Only the pictures should be left out; repeat the rest of the data exactly.

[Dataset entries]
----------

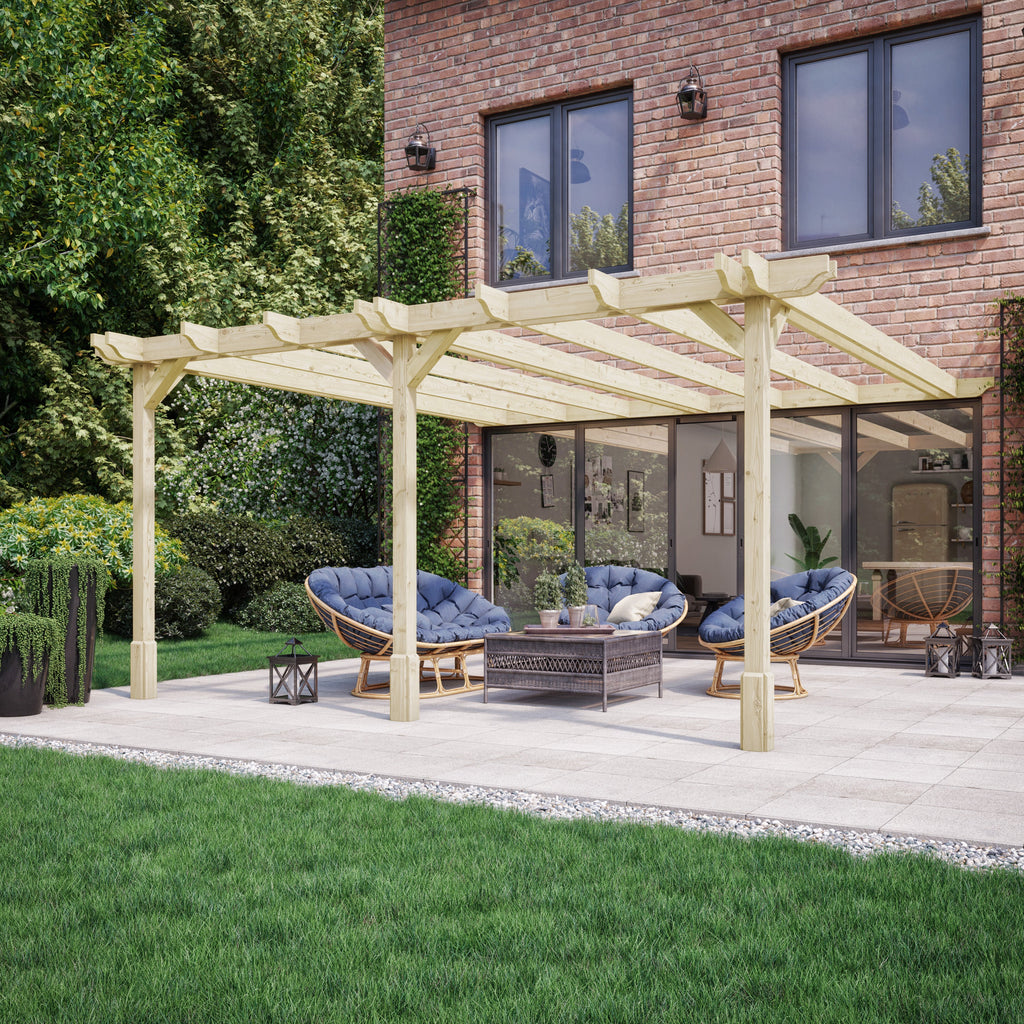 Wall Mounted Double Premium Pergola - Light Green - 4.2m Depth x 7.2m Length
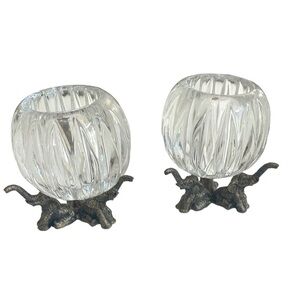 Crystal Glass Votive Candle Holders Set With Metal Elephant Tripod New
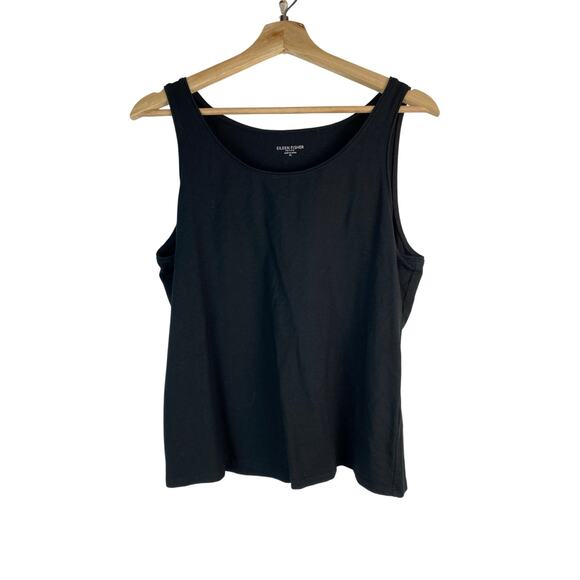 Eileen Fisher Petite PL Black Classic Viscose Stretch Tank Top - Picture 1 of 5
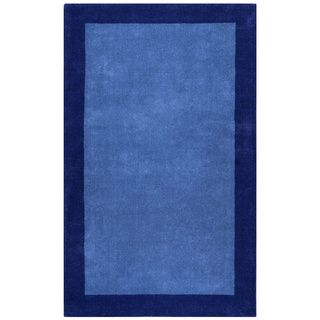 Blue Border Pulse Hand Tufted Wool 4 X 6 Rug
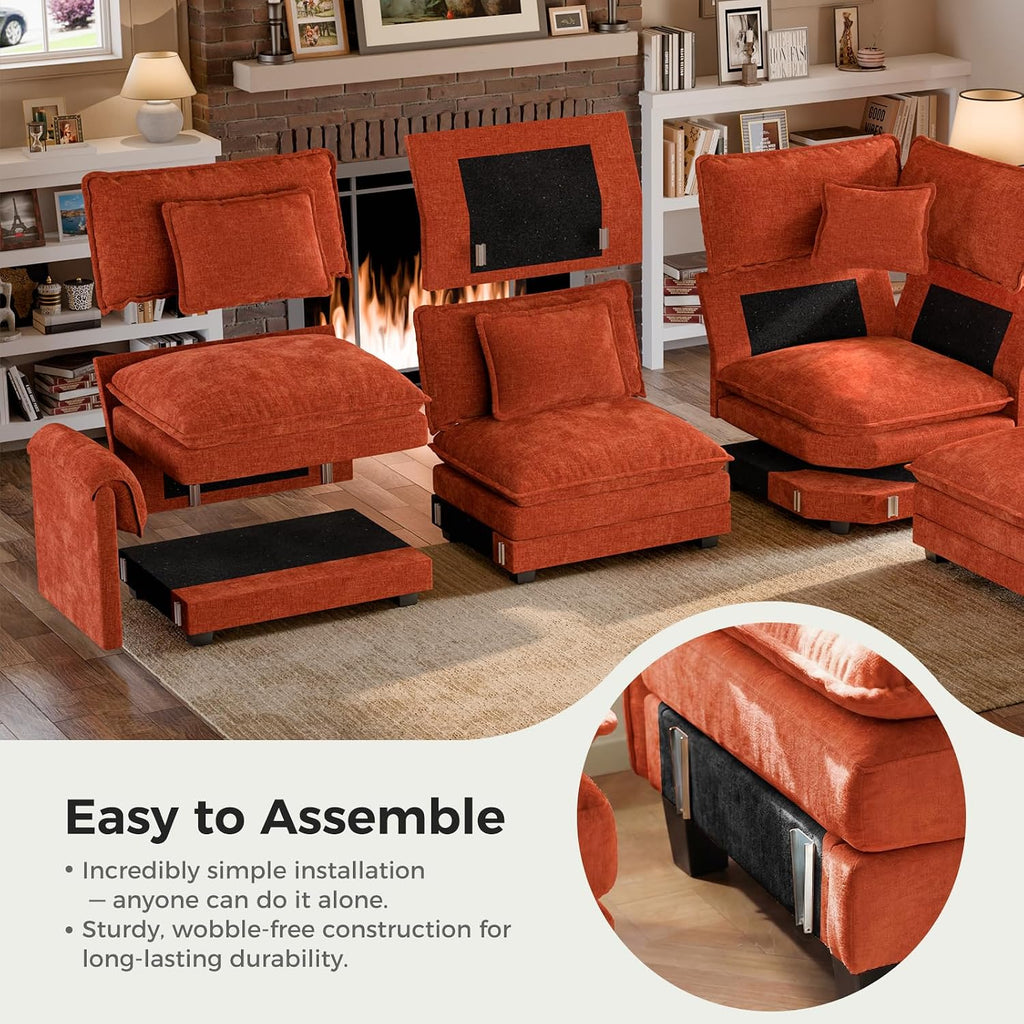 ELUCHANG Oversized 116' Modular Sectional Sofa, Comfy Cloud Couch, U Shaped Deep Seat Sofa Couches for Living Room, 5-Seater Modern Sofa with Movable Ottoman, DIY Combination - Chenille Terracotta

----------

**Written solution**.
 Wall Mounted Double Premium Pergola - Light Green - 4.2m Depth x 7.2m Length
 Crystal Glass Votive Candle Holders Set With Metal Elephant Tripod New
 Eileen Fisher Petite PL Black Classic Viscose Stretch Tank Top - Picture 1 of 5
 Blue Border Pulse Hand Tufted Wool 4 X 6 Rug
 ELUCHANG Oversized 116' Modular Sectional Sofa, Comfy Cloud Couch, U Shaped Deep Seat Sofa Couches for Living Room, 5-Seater Modern Sofa with Movable Ottoman, DIY Combination - Chenille Terracotta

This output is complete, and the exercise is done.